Sugar data by satellite

一月 27, 1995

Satellite data can now help predict the yield of the national sugar-beet crop, saving the industry nearly Pounds 2 million a year in the United Kingdom and more than Pounds 20 million across Europe.

The British National Space Centre is promoting innovative uses for satellite data.

A consortium led by Logica, British Sugar and researchers from the University of Nottingham, and Broom's Barn Experimental Station have collaborated to exploit the data.

Mike Steven, a senior lecturer at Nottingham, is refining techniques of remote sensing developed for use with helicopters. But high costs meant helicopters could only be used for up to 350 fields, about 1 per cent of the total, checked three or four times during the growing season.

Using satellites, the whole of the national crop could be checked but in practice half is sufficient to provide accurate estimates for the catchment area of each processing factory.

Satellite data is costly and the Department of Trade and Industry has provided financial sponsorship through the BNSC of Pounds 1.2 million for the project.

Dr Steven explained that the technique works by measuring the spectrum of sunlight reflected from the crop. "Vegetation has a special spectral signature and during the summer the spectrum changes. Bare soil in May reflects 5 to 10 per cent in the red and near infrared part of the spectrum," he says.

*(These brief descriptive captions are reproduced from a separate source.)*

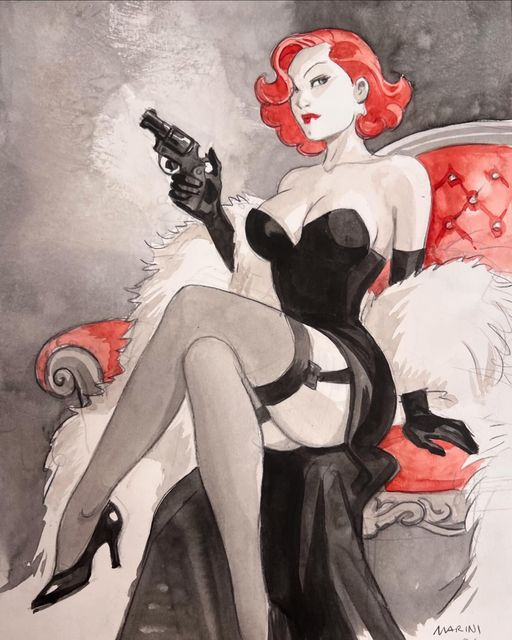 CAPRICE has a gun 👄aquarelle Noir Burlesque #watercolor #ginger #aquarelle #drawing #illustration #pinup #noirburlesque #glamour #ink #caprice #bd #burlesque #vintage #glamour #bandedessinee #marini #commission #comicartist  
De Enrico Marini.🖌️🐾 🐈‍⬛💖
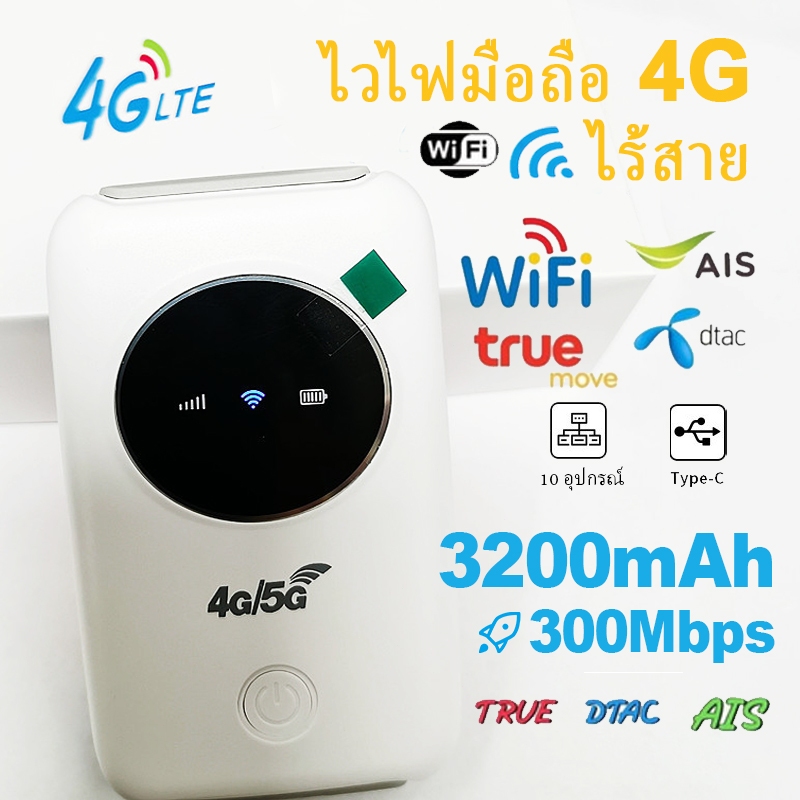 Pocket WiFi 5G ตัวรับสัญญาณ wifi ใส่ซิม 3200mah ความเร็ว Modem WiFi 300 Mbps ใช้ได้ทุกซิมไปได้ทั่วโล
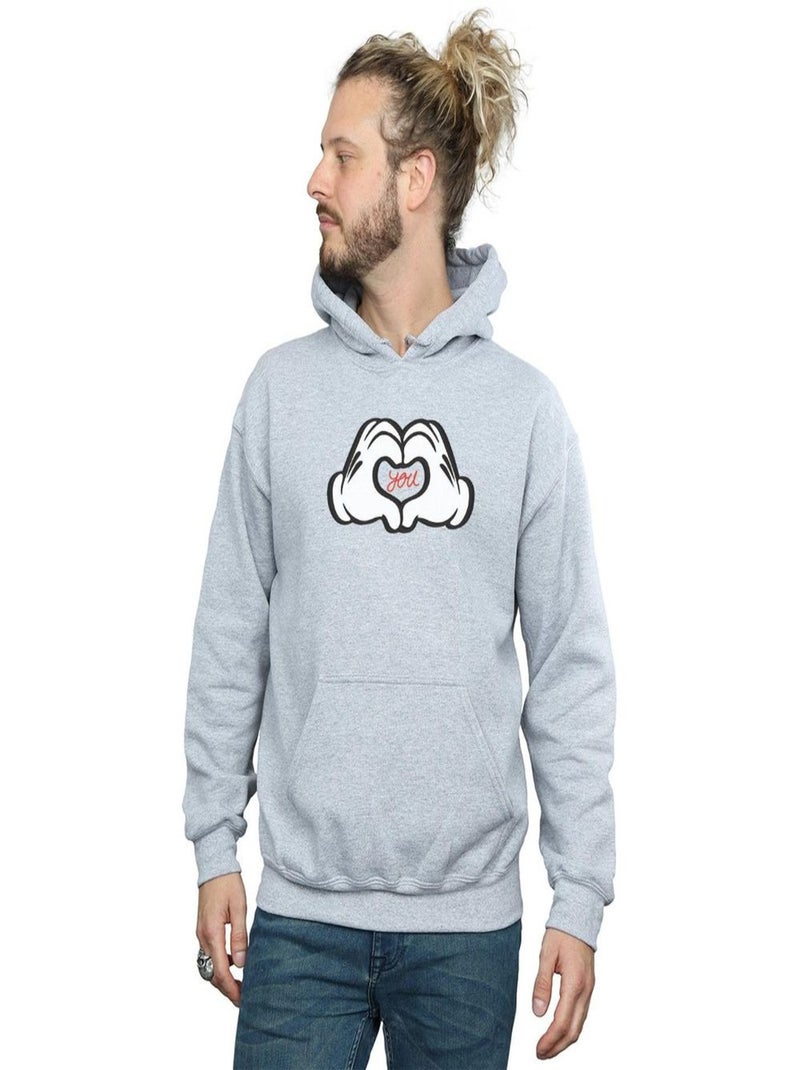 Disney - Sweat à capuche LOVES YOU Gris chiné - Kiabi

"A dense crop of vegetation reflects about 5 per cent in the red and 50 per cent in the infrared, with half-cover roughly half way in between. So you can measure what fraction of the ground is covered by leaves and we can then assess the fraction of available solar energy captured by the plant and used for photosynthesis and some of that energy turns into sugar."

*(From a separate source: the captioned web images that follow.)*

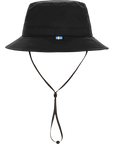Black bucket hat with a strap on a white background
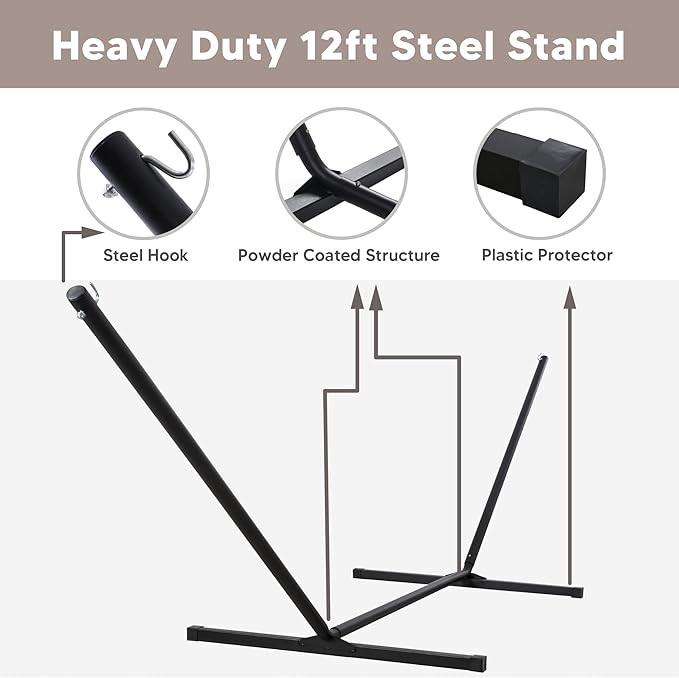 SUNCREAT Hammocks for Outside with Stand Included, Double Hammock with Curved Spreader Bar, Carrying Bag, Gray Stripes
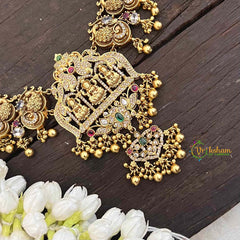 Vriksham Premium AD Stone Lakshmi Haram-Gold Bead-G21252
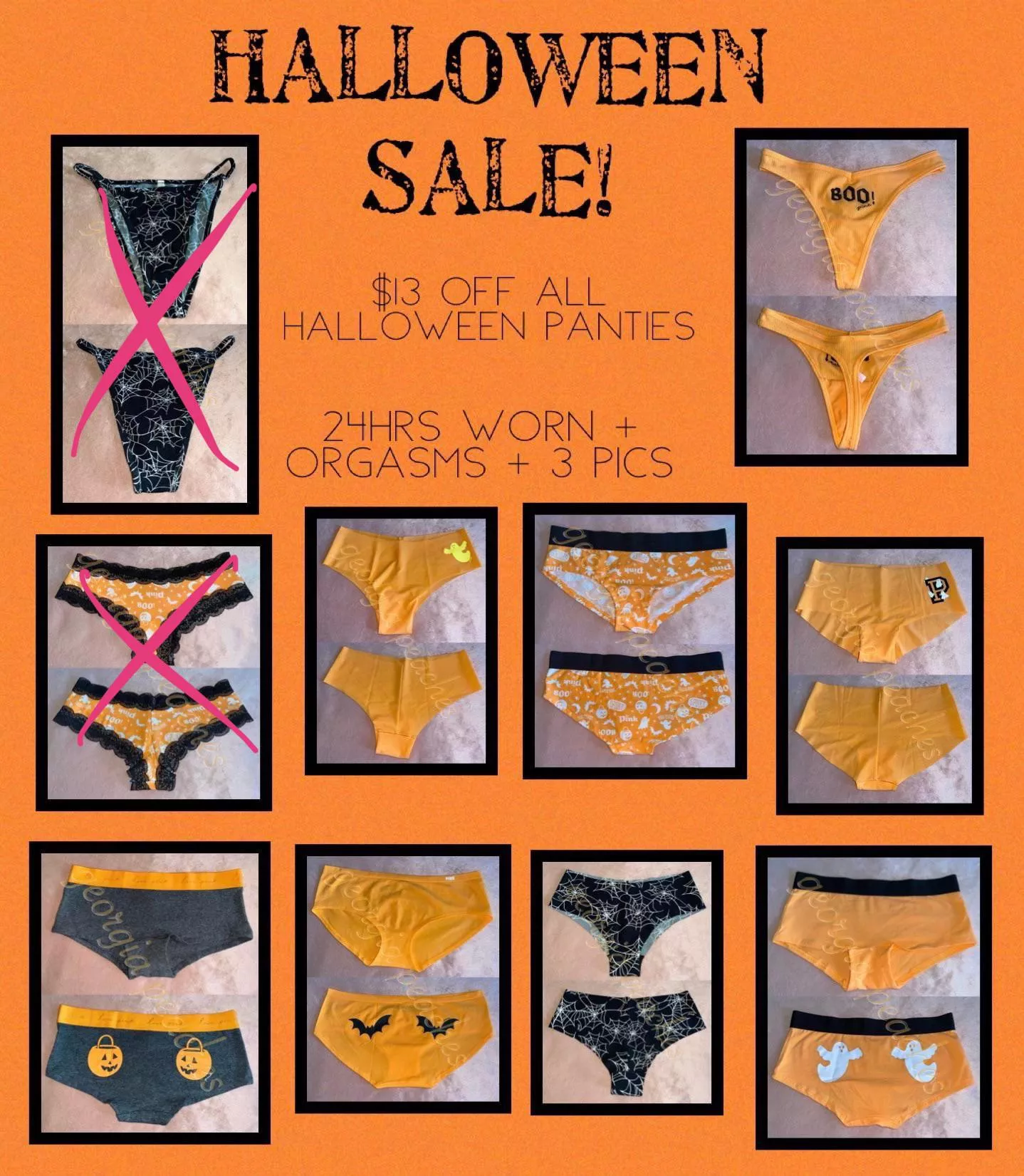 ðŸ§¡ðŸ–¤ NOTHING SPOOKY ABOUT THIS SALEðŸ–¤ðŸ§¡ order any of my halloween themed panties & get $13 off ðŸŽƒ 24hr wear or more ðŸŽƒ orgasms ðŸŽƒ 3 pics ðŸŽƒ fetish friendly add ons available ðŸŽƒ [US] shipping/tracking info [PTY] [SELLING] message me 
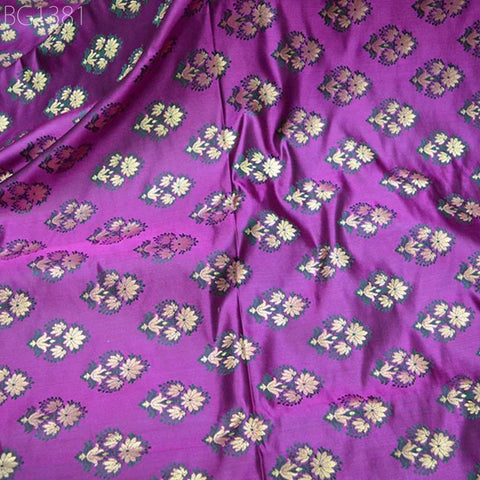 Purple, Green and Gold Floral Design Brocade Blended Silk By The Yard Indian Banarasi Fabric Jacket Sewing Material Bridal Clutches Wedding Dress Lehenga Making Skirt fashion blogger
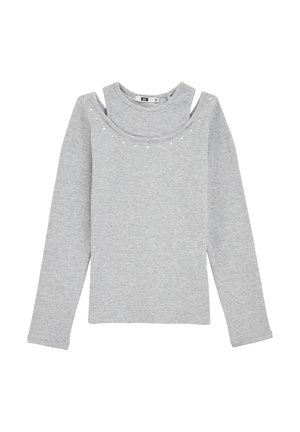 Grauer Langarm-Top mit gerippter Textur, das ein schulterfreies Design und kleine dekorative Nieten entlang des Halsausschnitts aufweist.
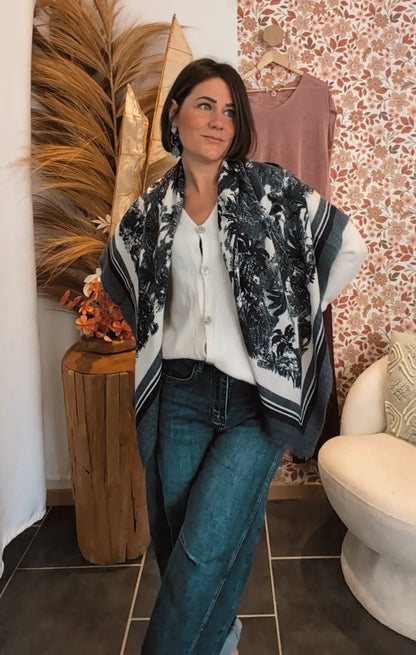 Foulard imprimé marine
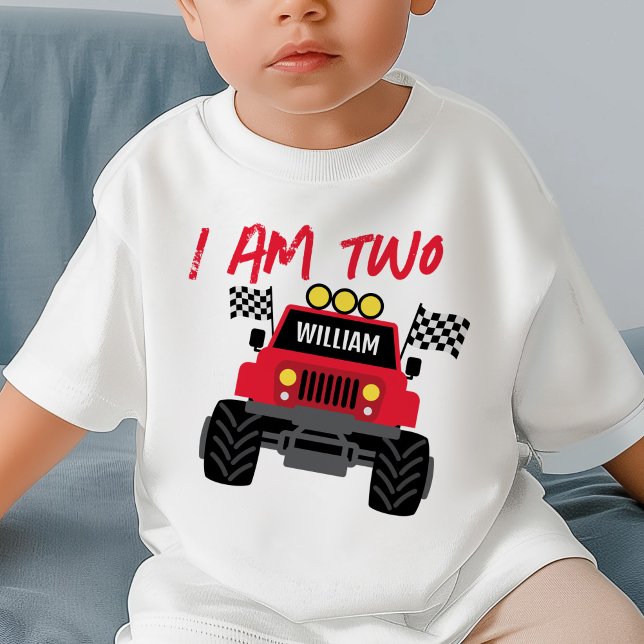 Camiseta Segundo aniversário Monster Truck Boy Personalizad (Criador carregado)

There are two problems with satellites; they have to look through the atmosphere, which is pretty murky these days, and the timing of a pass is not always at the best moment: reflected sunlight cannot be measured through clouds or at night.

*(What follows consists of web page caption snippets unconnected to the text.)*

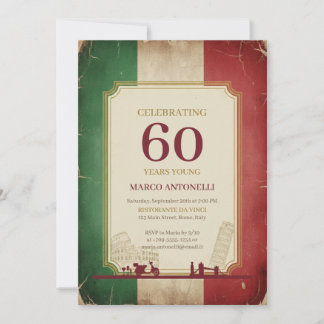 Convites Italian Vintage 60th Birthday Invitation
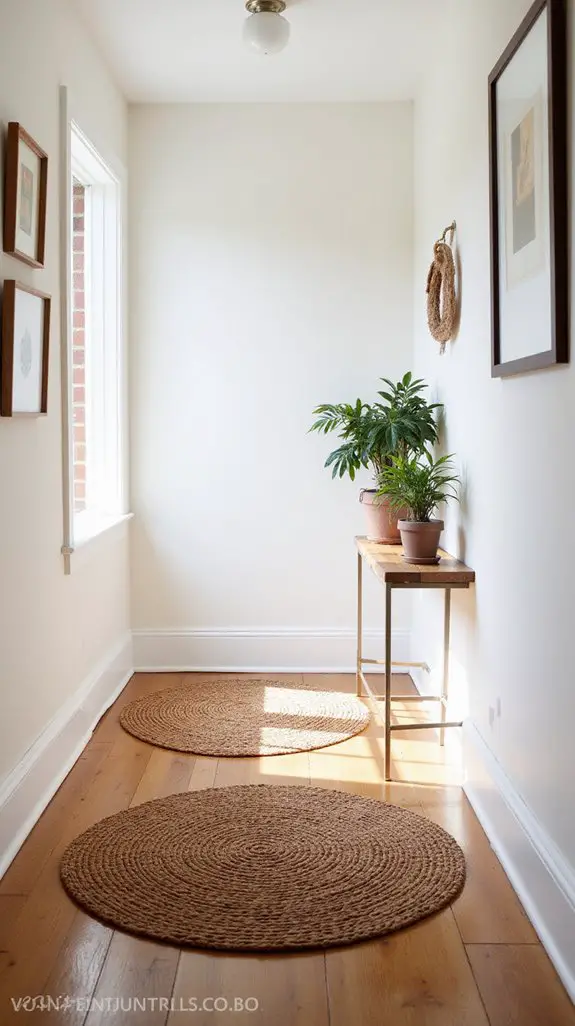 textured rugs enhance hallways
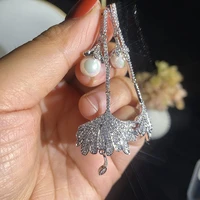 funmode luxury new pearl flower drop dangle earrings for women girl bridal cz wedding bridal statement drop earring fe292
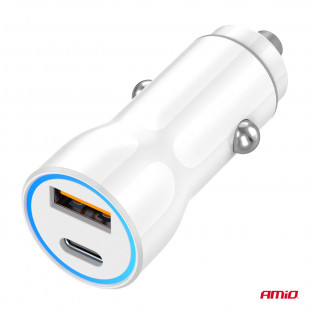 Autolader USB-A + USB-C 20W 12/24V AMiO-03881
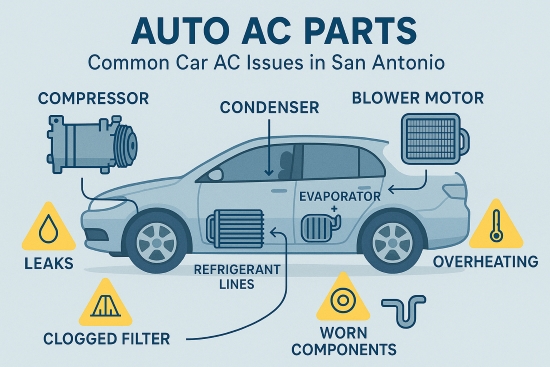 Infographic of a car AC system showing compressor, condenser, evaporator, blower motor, and refrigerant lines, with icons and arrows illustrating common San Antonio issues like leaks, overheating, clogged filters, and worn parts. 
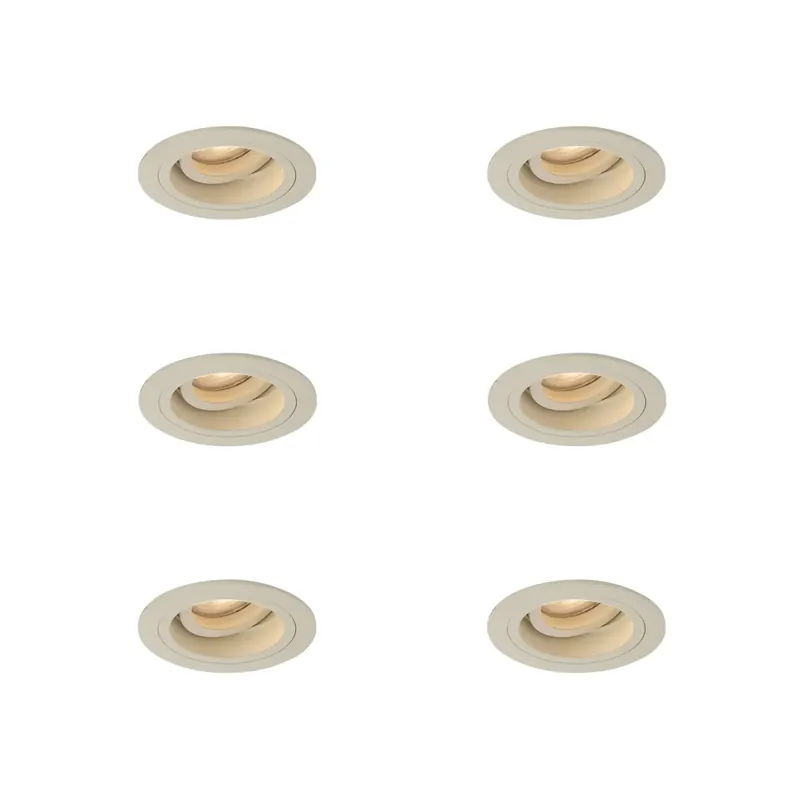 Azonnal elérhető 6 darabos modern, bézs színű, süllyesztett spotlámpa készlet GU10 50mm-es, forgatható és dönthető - Chuck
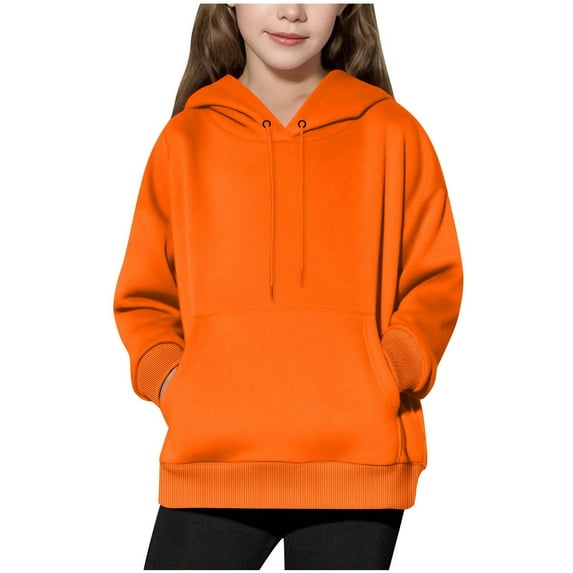 SGFCWSX Hoodies for Girls Long Sleeve Round Neck Sweatshirts Oversized Ployester Top Orange Size 11 Years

The most recent generation of satellites, including the European ERS-1 and France's Spot series, can reduce these difficulties. Spot can be directed, so it can look to one side or the other, around clouds and ERS-1 has radar which can see through clouds and function in darkness.

The BNSC funding was also used by Logica to develop computerised image processing and interpreting systems. The consortium hopes the predictions will enable processing and distribution of sugar to be done more efficiently and cheaply.